The year I was engaged, I spent so much time at wedding shows that by the time the last one rolled around, I wanted to throw the delicious cake samples at people instead of eating them. If you take any message from this post, let it be “Have your cake samples and keep your cool too.”
Each wedding shows was amazing in its own way, and really helped to ‘make’ my wedding. The key to wedding shows is, like most things, when it comes to wedding planning, it’s all about preparation. Without a little planning ahead, it can be overwhelming: the more options there are, the harder it is to make a decision.
My favourite show so far has been Hitch’d Wedding Fair (19/20 May 2018)- which I can’t wait to head back to next year. This month, though, I’m heading to my first wedding show in the Waikato – “Forever I do” on 17 September. One of my best friends is from Hamilton, so I’m pretty excited to return there (send me your must-do’s)!
(Unless you’re a wedding blogger) it’s impractical and unnecessary to go to every show.

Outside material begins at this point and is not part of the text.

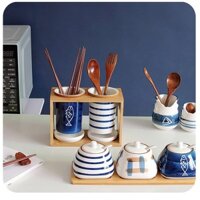 Bộ 3 hũ đựng gia vị bằng sứ kèm khay gỗ và muỗng phong cách Nhật Bản❤️HOT❤️Lọ đựng gia vị họa tiết độc đáo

I suggest picking just one of the larger ones where you’re likely to find and book some vendors, and one the boutique ones too (like Hitch’d). It’s important to stick to any decisions you’ve made pre-show, and instead hone in on the next few to tick off. The shows shouldn’t overwhelm you, so read the below show-hacks and stay sane:
1. Take a pen and paper. Before the show, write down all the aspects of the wedding you’ve already checked off (e.g. mine were ‘venue‘ and ‘dress‘), and then write the three tasks you next want to achieve next. You might even like to take them in a bag, so you can put all the pamphlets and business cards in there while you eat cake samples.
2. Eat a good breakfast: Cake samples and champagne aside, just like a wedding a day at a wedding show demands a nutritious breakfast to power you through.
3. Take 1 or 2 of your best support crew members: Even if they don’t stick to your side all day it’s necessary to have a sounding board and someone to help deflect any difficult questions. I went to one show by myself, and really missed having company. If possible, though, take your bridesmaids, mother, or future mother-in-law, because a reluctant fiance won’t be helpful to drag along either – this is girls’ territory.
4. Be prepared for every vendor’s opening line: to be “When are you getting married”. Though it can be confrontational at times, it is useful to actually speak to the wedding vendors, rather than just picking up business cards and silently browsing. If you have a date set already, it’s a good time to ask if a favoured vendor has it free.
5. When a vendor approaches with the opening line: Stick to your list. If it’s checked, smile, say thanks and keep walking; if it’s next in line, cast your eye around their display and if it fits your theme, scheme, or wish-list, stop to find out more. If it’s not on the list and you love it anyway, ask for a card and come back towards the end of the day if you have time or look online later.
6. Enjoy yourself! Eat the cake, drink the champagne, go to the fashion shows, take the photo-booth pictures (again, good to have company) and enter some competitions!
- If you have business cards, take them, and save time writing down your details.
- You can buy coffee and snacks, but in case you’re too immersed in wedding chat to make it to level 16 or wherever they’ve hidden the cafe, take a muesli bar and bottle of water.
- Dress smartly but wear comfortable shoes, it may not have been 16 levels to the cafe but it felt like it after walking around for hours.
- If the show is run by a magazine it’s a GREAT day to subscribe – not to mention the amazing goodie-bags!
I can’t wait to hear how you find the shows, let me know if you’re attending Forever I do!